The twin breakdowns in November and December marred the stewardship of Southeast Asia’s largest bourse by Chief Executive Officer Magnus Bocker, who’s stepping down next week to make way for Loh Boon Chye, formerly Bank of America Corp.’s head of Asia-Pacific global markets. Loh, who assumes his role July 14, faces the challenge of reviving stock-trading volumes, which have lagged Hong Kong’s. Bocker issued a public apology after the incidents, which disrupted trade for several hours.
“Financial institutions have the responsibility to ensure the resilience of their technological systems,” MAS Deputy Managing Director Ong Chong Tee said in a statement. “MAS takes a serious view of the incidents and will require SGX to improve its technology risk management.”
SGX shares climbed 1.3 percent to close at S$7.94 on Thursday, erasing a loss of as much as 0.6 percent.
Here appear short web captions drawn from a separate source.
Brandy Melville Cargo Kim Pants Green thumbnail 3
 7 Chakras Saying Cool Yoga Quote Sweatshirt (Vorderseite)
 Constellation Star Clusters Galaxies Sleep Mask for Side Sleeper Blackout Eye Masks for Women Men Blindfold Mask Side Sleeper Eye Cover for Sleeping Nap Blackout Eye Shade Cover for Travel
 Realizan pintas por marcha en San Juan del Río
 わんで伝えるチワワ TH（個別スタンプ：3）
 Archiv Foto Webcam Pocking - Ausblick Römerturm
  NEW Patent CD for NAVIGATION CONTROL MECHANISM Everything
The company reported profit increased 16 percent to S$88.2 million in the quarter to March as revenue from derivatives jumped.
While the SGX met an obligation to maintain orderly markets, it fell below service-recovery standards, the regulator said. Until the remedial measures are verified by an independent expert and the MAS is satisfied, SGX won’t raise fees, it said.
“There shouldn’t be a huge impact from the fee-increase moratorium,” said Bernard Aw, a strategist at IG Ltd. in Singapore. “While moves to beef up SGX’s IT infrastructure should help to minimize future disruptions and restore investor confidence in the market, SGX needs to address the bigger problem of low equities trading volume.”
Average daily turnover on the Singapore bourse was $864 million this year through Thursday, little changed from a year earlier, according to data compiled by Bloomberg. That compares with Hong Kong, where trading almost doubled to $16 billion.
The Nov. 5 failure disrupted trade for 144 minutes and prompted the formation of a committee of inquiry. It was followed a month later by the second disruption as a software error caused the exchange to delay trade more than three hours.
Some of the world’s biggest exchanges suffered from disruptions last year, including Deutsche Boerse AG’s Xetra platform. As technology is getting more complex, it’s important for SGX to design systems that are as robust as possible, Quah Wee Ghee, head of the independent investigation committee into the failures, said at a briefing in Singapore on Wednesday.
“SGX has recognized the seriousness and severity of the incident,” Chairman Chew Choon Seng said. “We’ve taken measures to minimize such incidents from recurring. With the adoption of the committee’s recommendations, we are confident that SGX infrastructure will be more resilient.”
The exchange said November’s outage was caused by a faulty component at a backup-power supply equipment in a data center operated by a third party. It accepted responsibility for the disruption and pledged to strengthen technology systems.
“The disruption is very bad for the reputation of SGX as it struggles to revive stock-trading volumes,” said Ernest Lim, a trader at CIMB Group Holdings Bhd. in Singapore. “They should have robust backup systems to minimize future disruptions.”